WORK TO BE COMPLETED
Please copy out the entries below exactly, beginning with the line that contains "Timothée Chalamet’s Reaction" and ending with the line that contains "4319 San Roberto Avenue - Photo 1", and include nothing outside that span.

DATA FOR PROCESSING
# # #
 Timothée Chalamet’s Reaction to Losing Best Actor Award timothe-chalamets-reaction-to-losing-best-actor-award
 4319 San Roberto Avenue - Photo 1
# # #
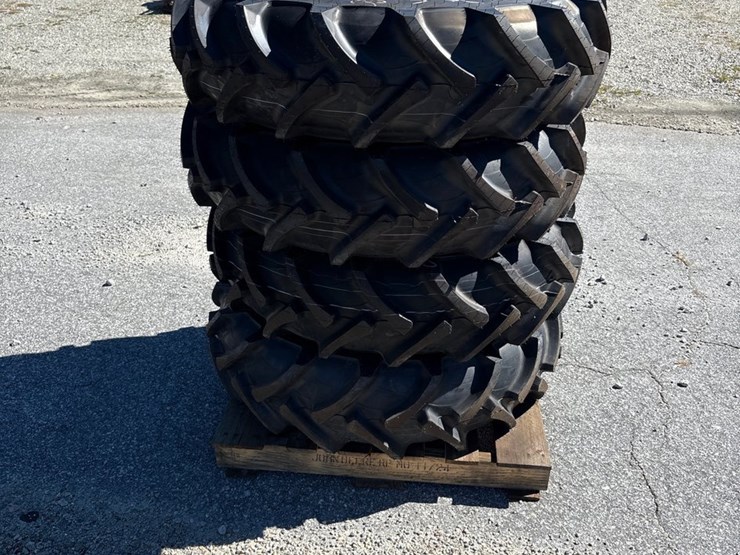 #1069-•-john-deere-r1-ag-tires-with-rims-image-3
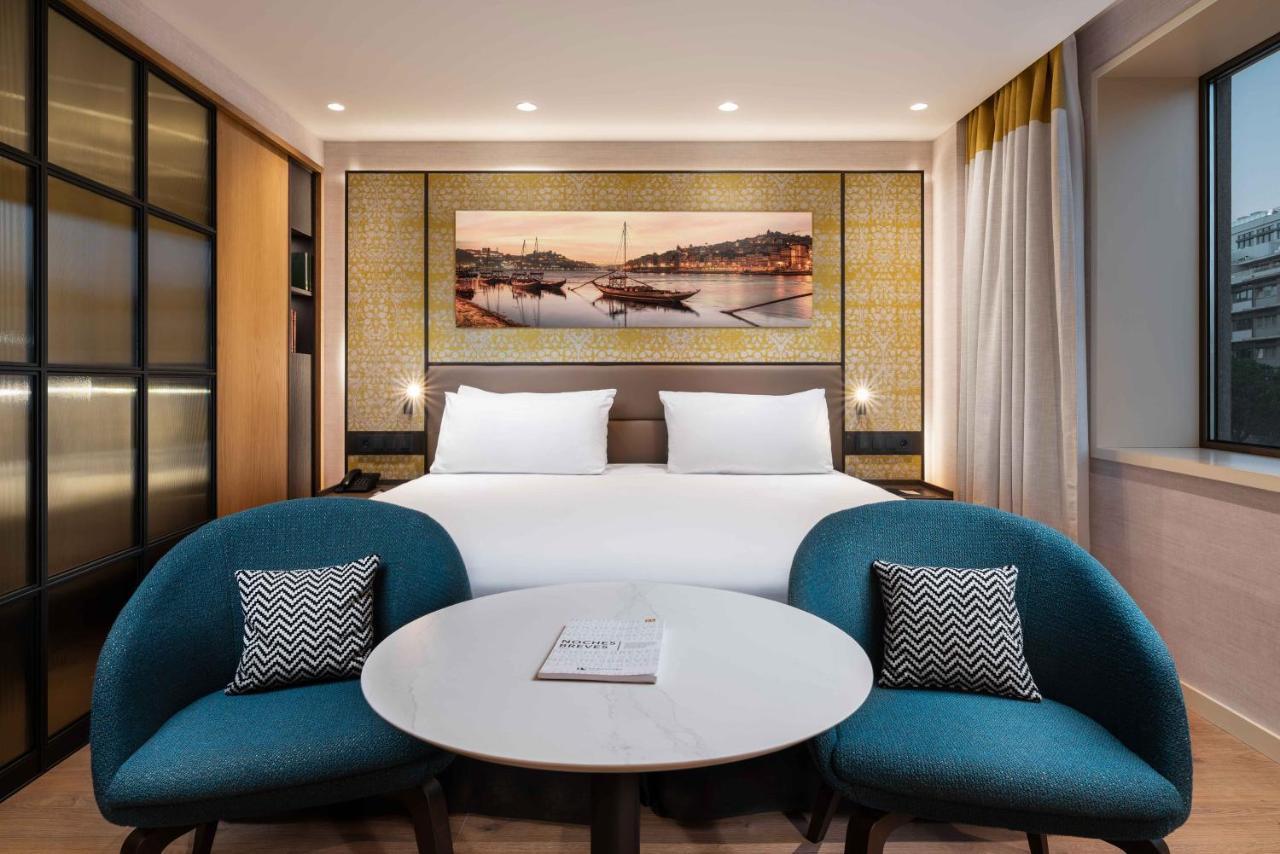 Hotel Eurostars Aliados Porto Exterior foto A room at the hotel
# # #
YOUR SOLUTION
 Timothée Chalamet’s Reaction to Losing Best Actor Award timothe-chalamets-reaction-to-losing-best-actor-award
 4319 San Roberto Avenue - Photo 1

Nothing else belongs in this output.